AIM OF THE EXERCISE:
Working through the data below, reproduce word for word the line with "家庭教育新思维做智慧父母,优秀家长家庭教育心得" and every line after it, both ends included, and omit the pictures.

*** Opening of PROVIDED DATA ***

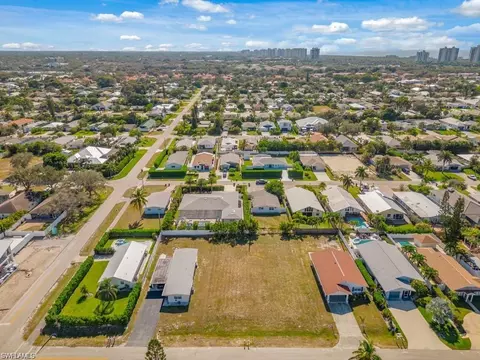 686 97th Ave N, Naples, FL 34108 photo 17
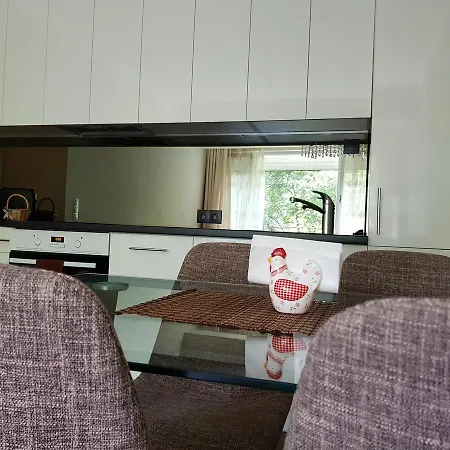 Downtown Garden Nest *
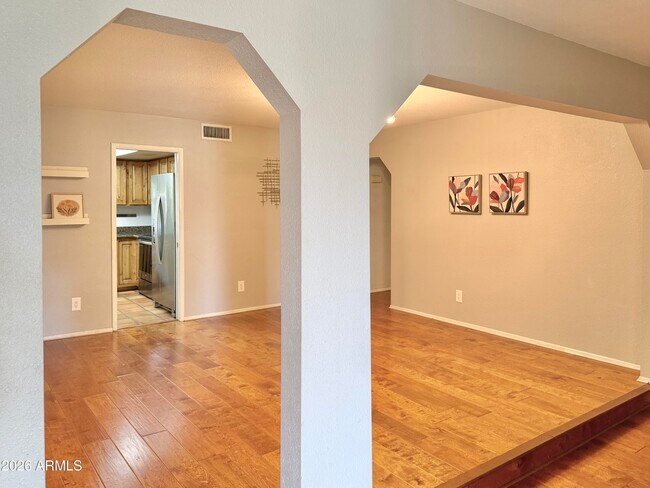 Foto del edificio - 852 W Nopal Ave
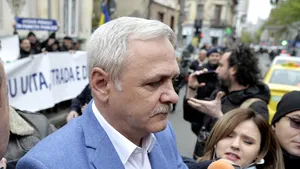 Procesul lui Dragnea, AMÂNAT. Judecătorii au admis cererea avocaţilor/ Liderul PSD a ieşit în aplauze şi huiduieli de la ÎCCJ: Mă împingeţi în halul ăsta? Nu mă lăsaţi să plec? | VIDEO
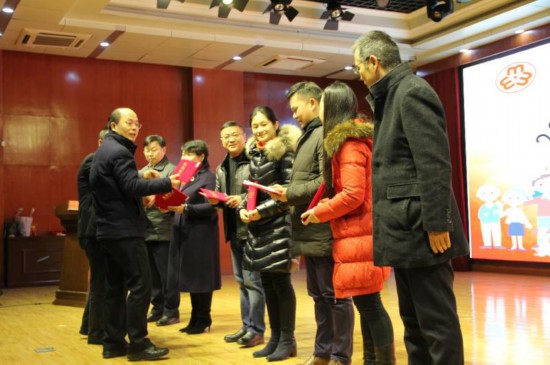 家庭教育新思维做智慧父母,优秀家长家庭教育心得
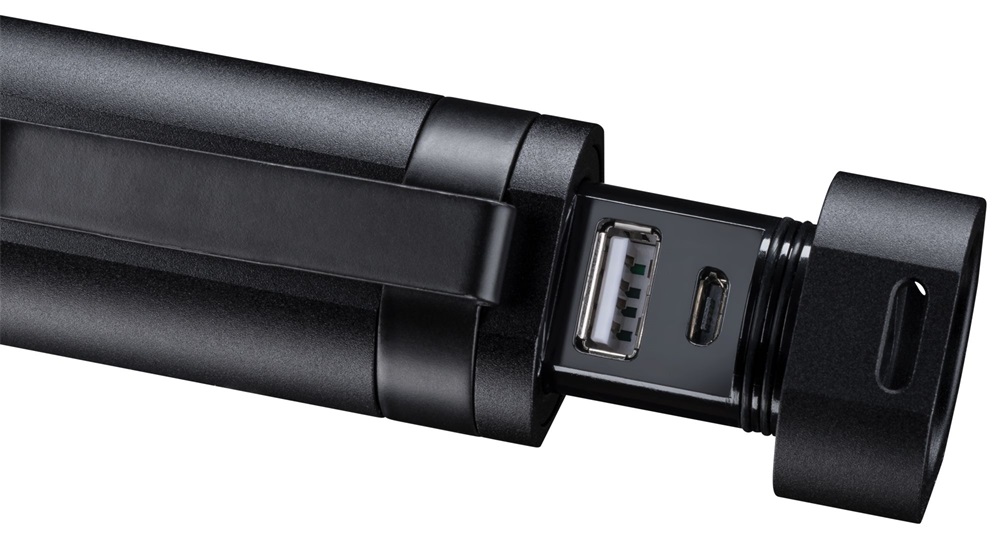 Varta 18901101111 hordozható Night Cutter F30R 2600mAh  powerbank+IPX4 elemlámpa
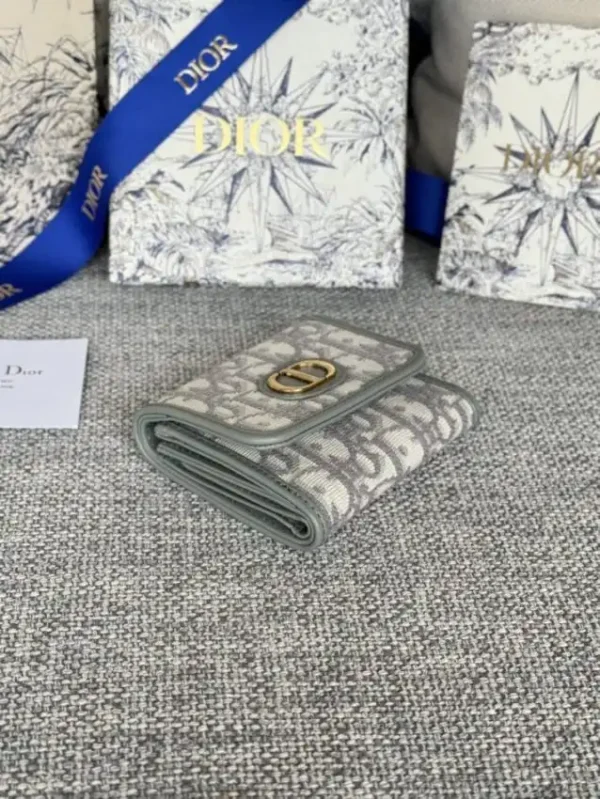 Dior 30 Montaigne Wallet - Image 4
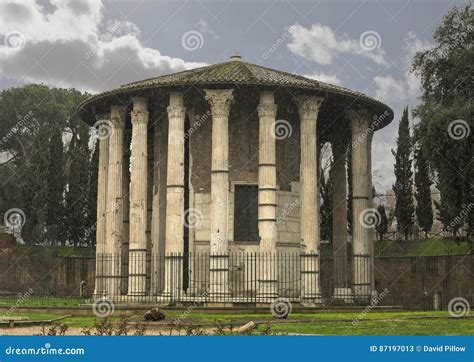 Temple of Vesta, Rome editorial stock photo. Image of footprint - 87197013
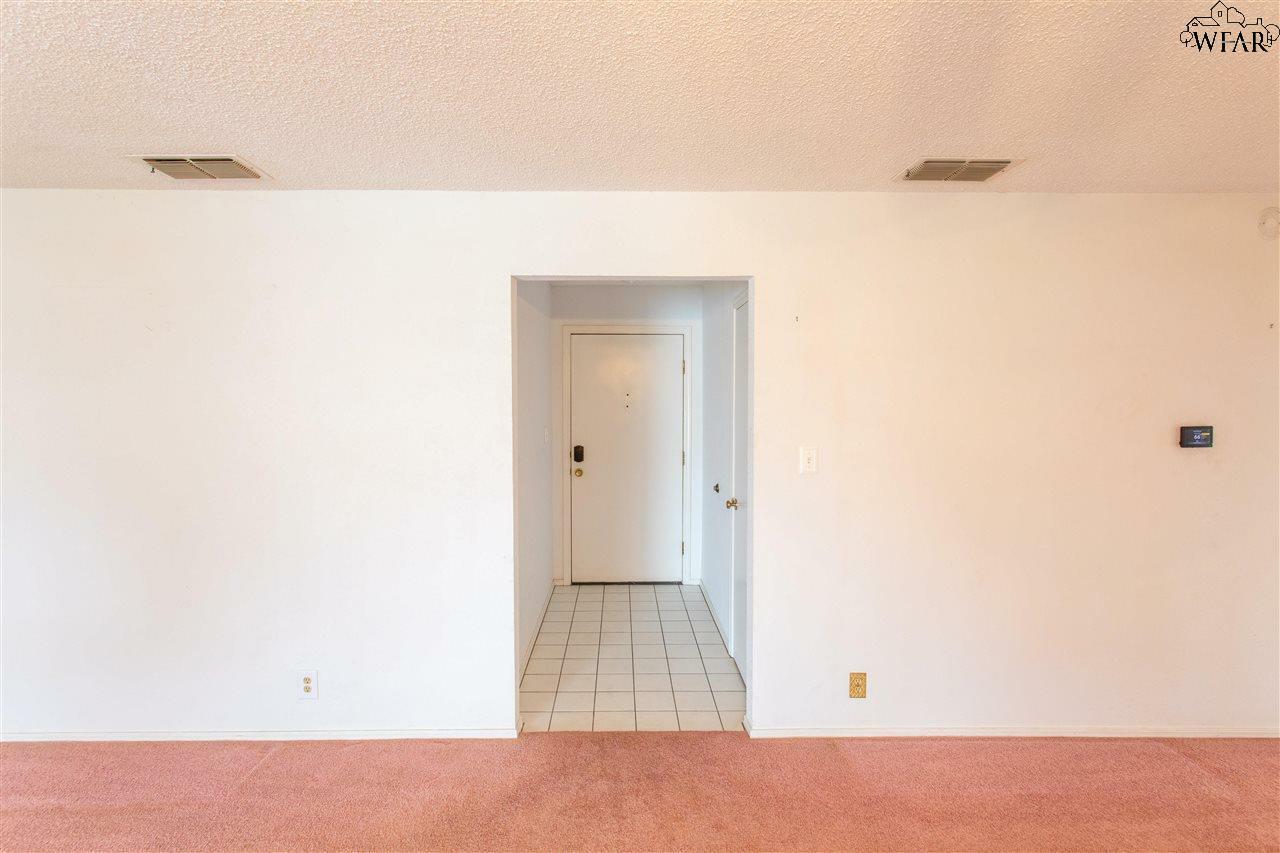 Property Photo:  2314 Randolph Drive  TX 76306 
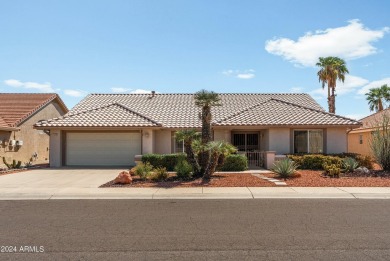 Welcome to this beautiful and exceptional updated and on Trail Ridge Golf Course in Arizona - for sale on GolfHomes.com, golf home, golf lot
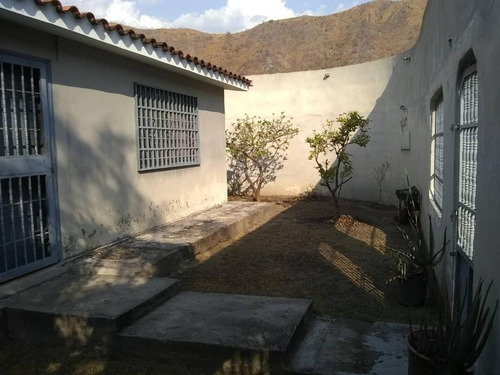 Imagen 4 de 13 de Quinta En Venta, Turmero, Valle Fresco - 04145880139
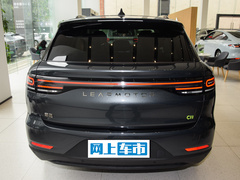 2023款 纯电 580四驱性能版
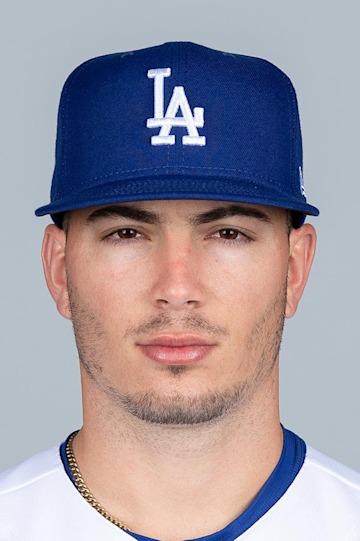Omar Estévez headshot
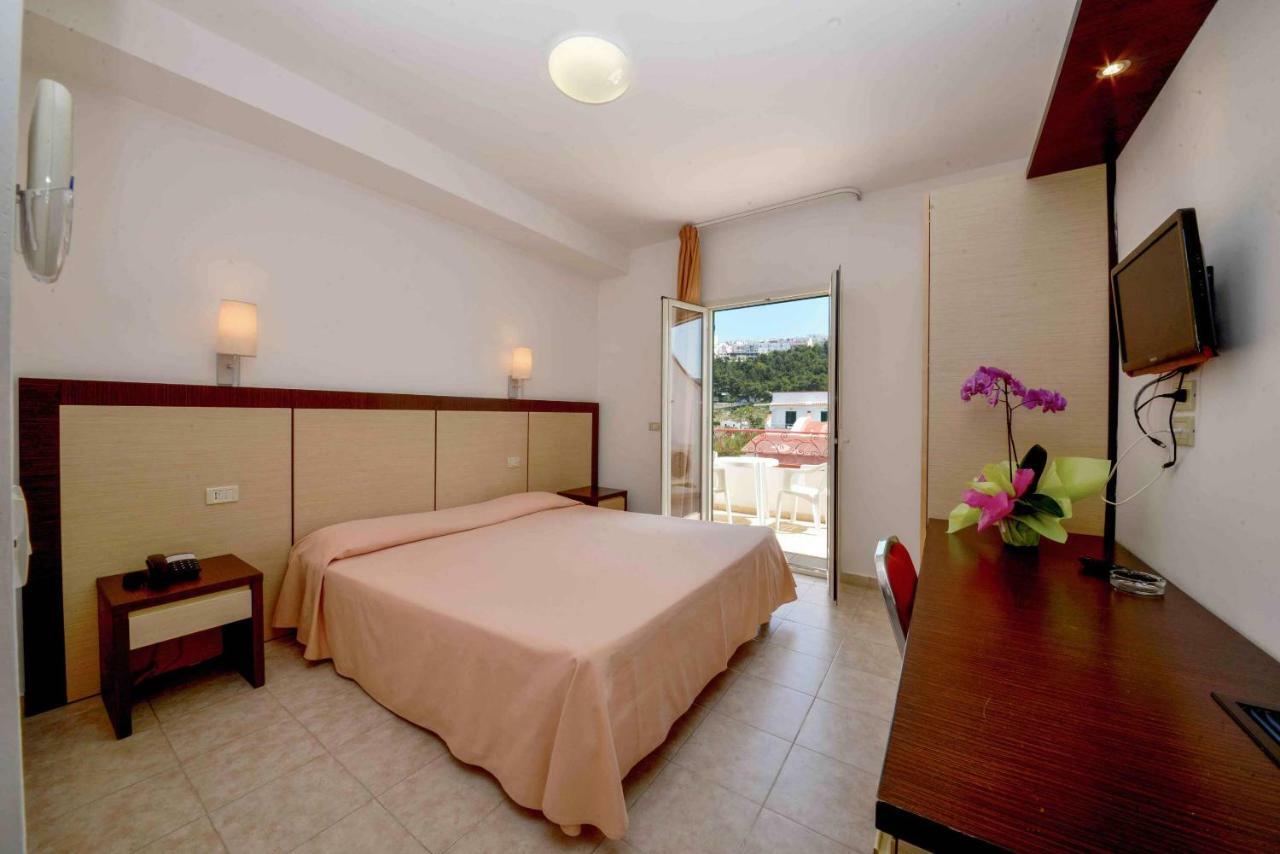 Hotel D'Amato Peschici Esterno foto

*** Close of PROVIDED DATA ***

SOLVED PROBLEM:
 家庭教育新思维做智慧父母,优秀家长家庭教育心得
 Varta 18901101111 hordozható Night Cutter F30R 2600mAh  powerbank+IPX4 elemlámpa
 Dior 30 Montaigne Wallet - Image 4
 Temple of Vesta, Rome editorial stock photo. Image of footprint - 87197013
 Property Photo:  2314 Randolph Drive  TX 76306 
 Welcome to this beautiful and exceptional updated and on Trail Ridge Golf Course in Arizona - for sale on GolfHomes.com, golf home, golf lot
 Imagen 4 de 13 de Quinta En Venta, Turmero, Valle Fresco - 04145880139
 2023款 纯电 580四驱性能版
Omar Estévez headshot
 Hotel D'Amato Peschici Esterno foto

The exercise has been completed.